Lire et donner à lire : pour ces deux actes révolutionnaires, de nombreux héros se sont battus, parfois au prix de leur vie. Derrière le rideau de fer, à l’époque où le communisme prétendait libérer les peuples mais ne servait, au fond, que l’impérialisme de Moscou, c’est en Pologne que les métiers du livre, de l’édition et de la presse ont le plus défié l’autoritarisme.

Cette histoire d’espionnage et de résistance est reconstituée par Charlie English, ancien chef du service international au quotidien britannique The Guardian, dans un ouvrage haletant, Le Book Club de la CIA (Equateurs, 416 pages, 24 euros). Un titre en partie trompeur, car, si des espions américains ont joué un vrai rôle dans cette affaire, ce club de lecture était bien davantage animé par des Polonais, tous habités d’un farouche esprit de liberté, telle Helena Luczywo. Elle fut l’une des créatrices, en 1982, avec Jacek Kuron et Adam Michnik, deux autres grandes figures de l’opposition démocratique, de L’Hebdomadaire de Mazovie.

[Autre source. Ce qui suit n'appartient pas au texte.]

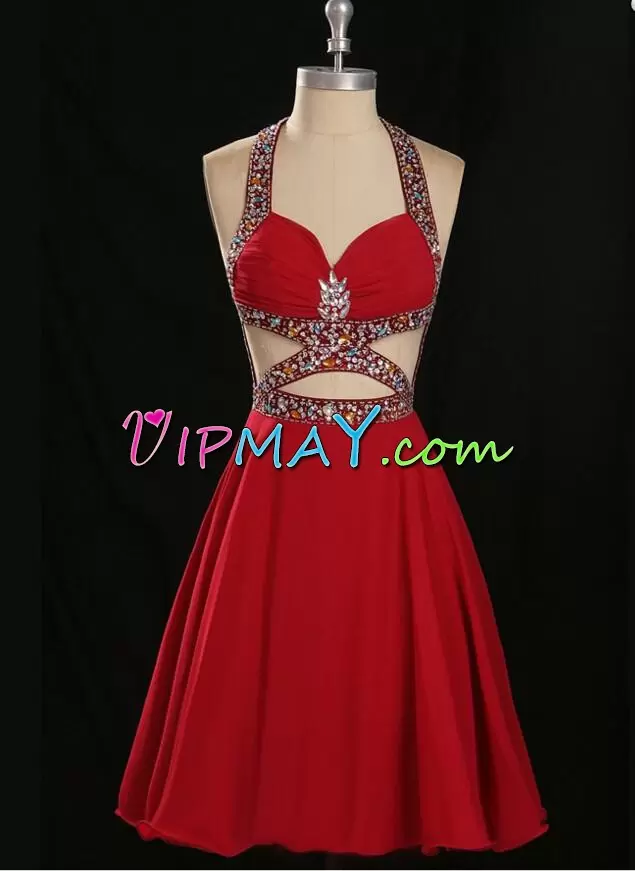 Free and Easy Beading Homecoming Dress Wine Red Backless Sleeveless Knee Length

Ce journal clandestin est lancé au lendemain du 12 décembre 1981, qui représente un tournant dans l’histoire du communisme. Depuis des mois, un large mouvement social lancé par Solidarnosc secoue la Pologne. Emmené par Lech Walesa, ce syndicat emblématique, né sur les chantiers navals de Gdansk en août 1980, fait souffler un vent de liberté sur le pays. Le régime, qui a d’abord temporisé et fait mine de vouloir négocier, lance finalement ses troupes en cette triste soirée d’hiver. Helena Luczywo sort du cinéma quand elle prend conscience de ce qui se passe. Elle se précipite vers les locaux de Solidarnosc et y retrouve ses collègues. Ils voient par la fenêtre l’arrivée de la police militaire, les terribles « zomos ».

Echapper à la censure

Helena Luczywo s’apprête à fuir, mais ses collègues, pétrifiés, décident de rester sur place. Elle les supplie de partir, sans y parvenir. Elle s’engouffre par la porte arrière du bâtiment avec son époux, Witek. Ils se cachent dans l’immeuble voisin, bientôt entouré lui aussi. Profitant d’un moment d’inattention des miliciens, ils parviennent à s’enfuir dans la nuit. La liberté ne tient parfois qu’à un fil, que sait restituer Charlie English : il excelle à nous faire entrer dans l’intimité du combat des dissidents en faisant parler les témoins de l’époque, et à en redonner la portée historique.